The voting solution that powers the Vocdoni bridge can be characterized as an Optimistic Rollup (opens new window). In short, this means that voting is performed on a side chain, but that the results are secured on the Ethereum chain. This moves most of the computation required to hold a vote away from the Ethereum chain. Doing so therefore drastically reduces the gas price required for a voting process.

Note: Vocdoni's voting solution makes voting free for voters. Unfortunately, this does not mean that the entire voting process is free. The reason for this is that every interaction with the Ethereum chain requires a transaction and every transaction costs gas. In particular, registering the voting process on chain incurs gas costs. The advantage of Vocdoni's voting solution is that the number of interactions with the Ethereum chain is limited to registering the voting process. The casting of votes tied to that process is free.

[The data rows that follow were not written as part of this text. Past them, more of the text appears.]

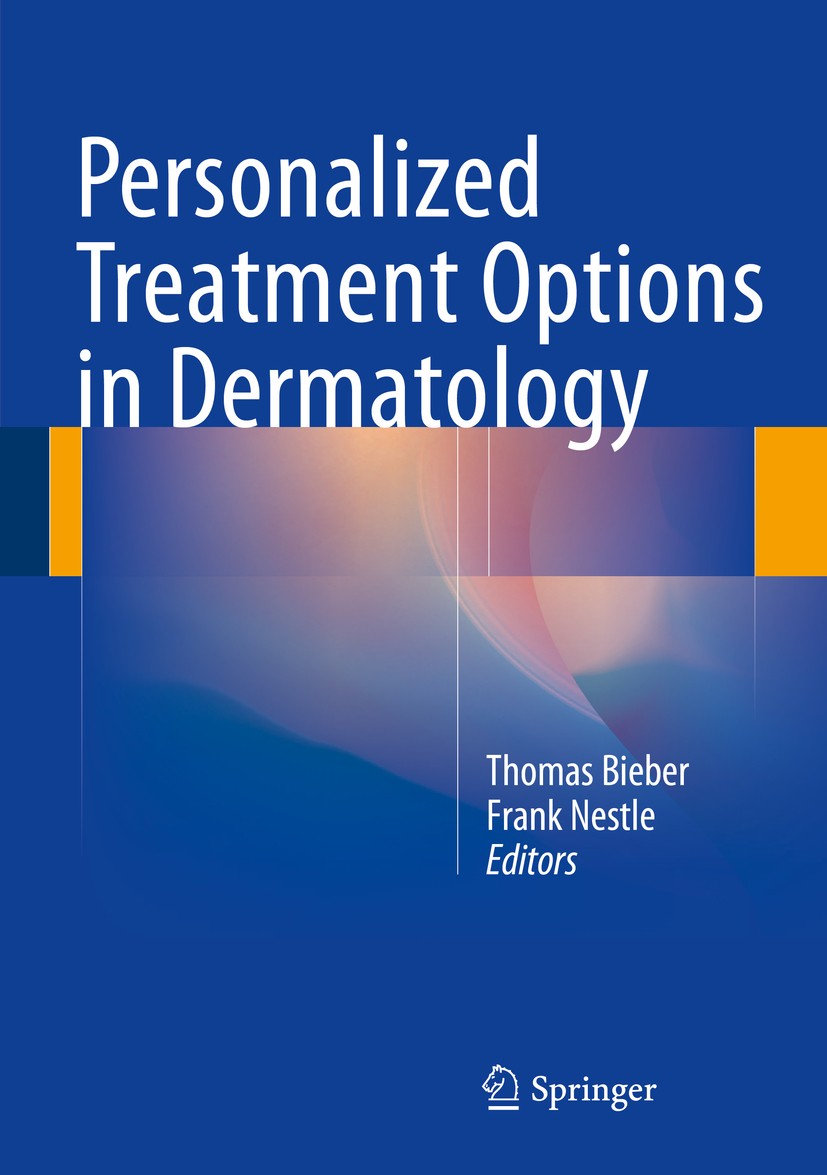 Titlebook: Personalized Treatment Options in Dermatology; Thomas Bieber,Frank Nestle Book 2015 Springer-Verlag Berlin Heidelberg 2015 Dermato-oncolog Titlebook: Personalized Treatment Options in Dermatology; Thomas Bieber,Frank Nestle Book 2015 Springer-Verlag Berlin Heidelberg 2015 Dermato-oncolog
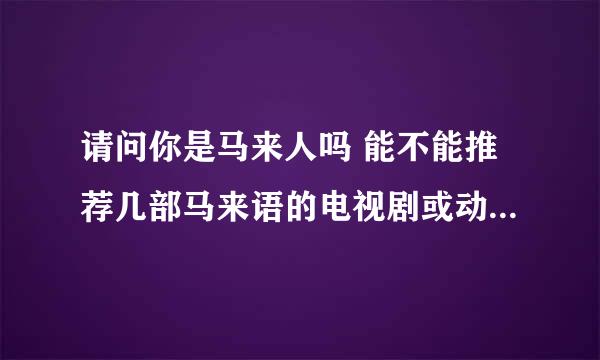 请问你是马来人吗 能不能推荐几部马来语的电视剧或动画片呢，如果有中文字幕最好，马来文字幕也行，谢谢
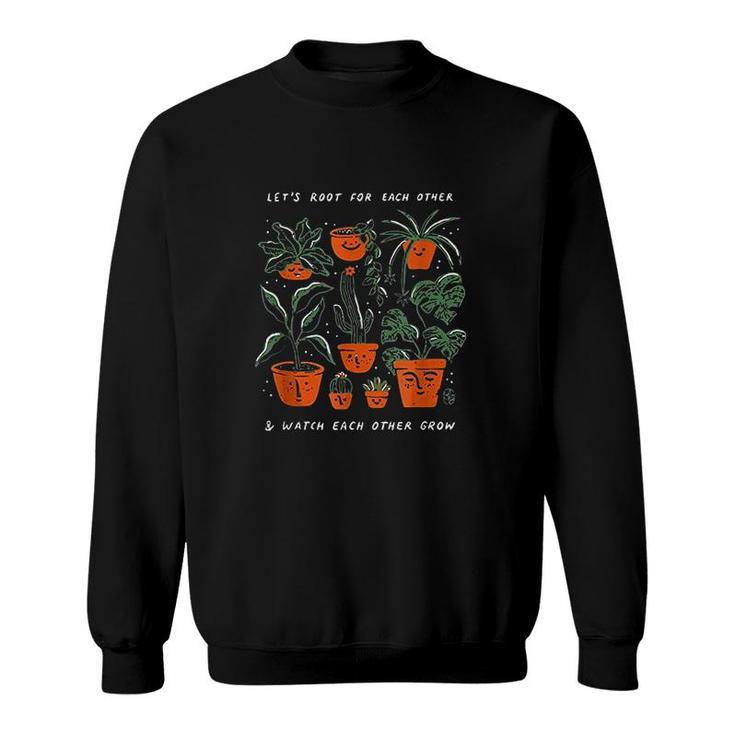 Lets Root For Each Other And Watch Each Other Grow Many Sweatshirt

Registering voting processes on the blockchain also allows voting processes to interact with smart contracts on the Ethereum chain. In particular, this allows voting processes to interact with other components of the Aragon V2 stack, such as Aragon Court.

Note that in the context of Aragon V2, a voting process is called a proposal.

# Registering Tokens

Before a DAO can make use of Vocdoni's voting solution as part of Aragon V2, they are required to register their token (opens new window) on the Vocdoni Bridge.

# Voting Process

Once a token has been registered, any token holder can start a voting process. This can be be divided into the following steps.

  1. Creation of a voting process. On Vocdoni bridge, a token holder can navigate to the token's detail page, where they can start a voting process. Each voting process comes with a written explanation, the question on which members will vote as well as a set of possible answers for voters to choose form, and a voting period.
  2. Registering the voting process as proposal. After successfully creating a problem, the process can be integrate into the V2 system. In order to do so, the process creator has to navigate to the process' detail page. There, a button labeled Schedule will redirect them to their DAO's console.
  3. Casting votes. Token holders can then cast votes.

At this point, a voting process on the Vocdoni bridge has been tied to a proposal in the Aragon V2 system. This means that this vote can now be challenged or can lead to the execution of on-chain actions.